After consideration of the Proposed Decision and Order and the Petition for Review filed thereto, and a careful review of the entire record before us, we are persuaded that the Proposed Decision and Order  is supported by a preponderance of the evidence and is correct as a matter of law.
The proposed Findings, Conclusions and Order are hereby adopted as this Board's final Findings, Conclusions and Order and are incorporated herein by this reference.
It is so ORDERED.
Dated this 24th day of February, 1986.
BOARD OF INDUSTRIAL INSURANCE APPEALS
GARY B. WIGGSChairperson
FRANK E. FENNERTY, JR.Member
I dissent from the Board majority's conclusion that this claim for replacement of the claimant's cosmetic left breast implant is allowable as an industrial "injury" under RCW 51.08.100. There was no "physical condition" resulting from the claimant's incident of December 16, 1983, i.e., no damage to the worker's person, and thus no industrial injury within the meaning of the Act.
Because damage to an artificial appliance or prosthesis is not included in the basic definition of injury, the legislature has specifically addressed the circumstances under which such devices may be repaired or replaced. Subsections (3) and (4) of RCW 51.36.020. Nowhere in these provisions or elsewhere in the Act is there any authority, either specifically or inferentially, for replacement of a cosmetic breast implant damaged or deflated in the course of employment. 

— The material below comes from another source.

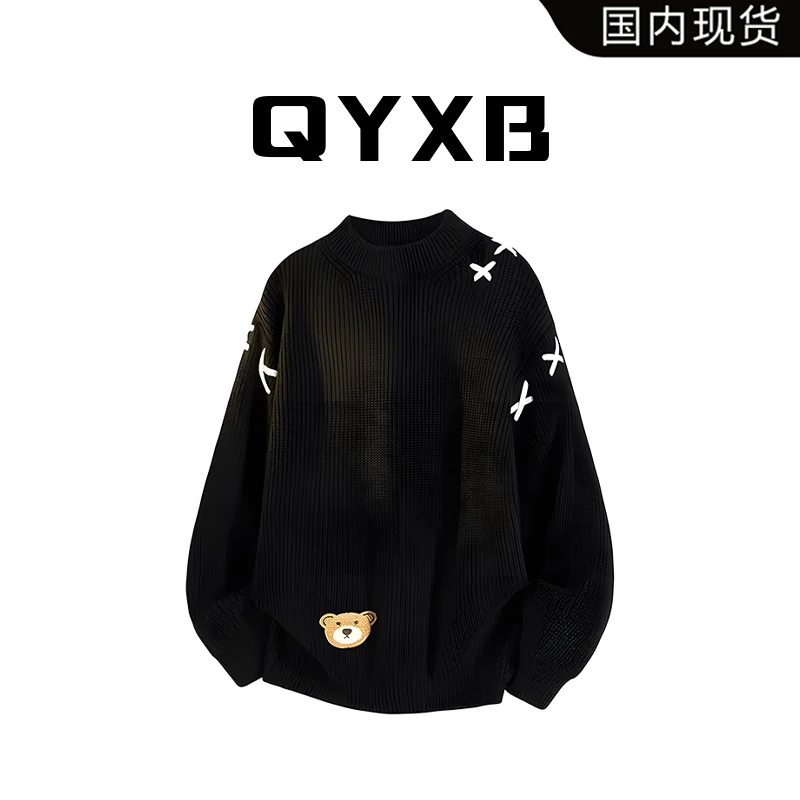 【品牌现货撤柜】QYXB秋季新款个性时尚撞色图案针织衫毛衣男士上衣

RCW 51.32.260 gives further illustration of the legislative intent to extend the scope of the Act's "injury" coverage, beyond that contemplated in the basic injury definition, only in carefully and specifically prescribed situations. It provides:
"Workers otherwise entitled to compensation under this title may also claim compensation for loss of or damage to the worker's personal clothing, footwear or protective equipment resulting from the industrial accident or incurred in the course of emergency medical treatment for injuries."
Replacement of the described items is possible only when the worker is "otherwise entitled to compensation" under the Act, i.e., injured and given treatment or other benefits. Again, no provision is made for cosmetic devices such as breast implants.

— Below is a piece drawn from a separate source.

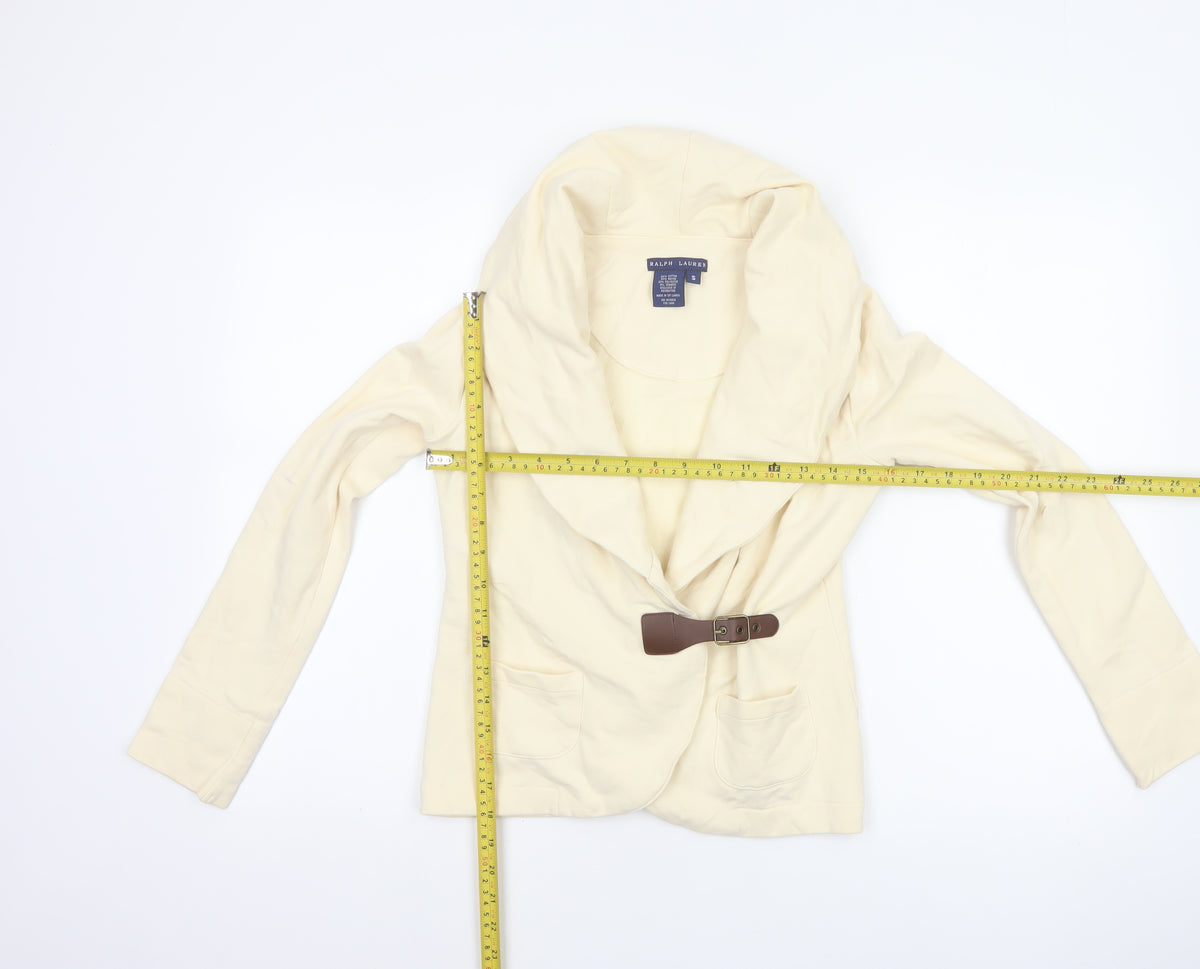Ralph Lauren Women Ivory Size S Hooded Drape Buckle Jacket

The majority, in reaching its conclusion to allow coverage, feels it necessary to emphasize the altered appearance of claimant's breast by the deflated implant, and states that "we can infer" that such deflation would have caused a "change in the internal structure of the breast." This statement is purely an inference, without evidentiary support in the record.
No amount of rhetoric alters the fact that the damage here was not to the worker's person, but rather to an artificial breast implant. Replacement of a purely cosmetic and nontherapeutic breast augmentation implant is not, in my opinion, a benefit provided under the present terms of the Washington workers' compensation law. I would reverse the Department's allowance order of June 11, 1984.
Dated this 24th day of February, 1986.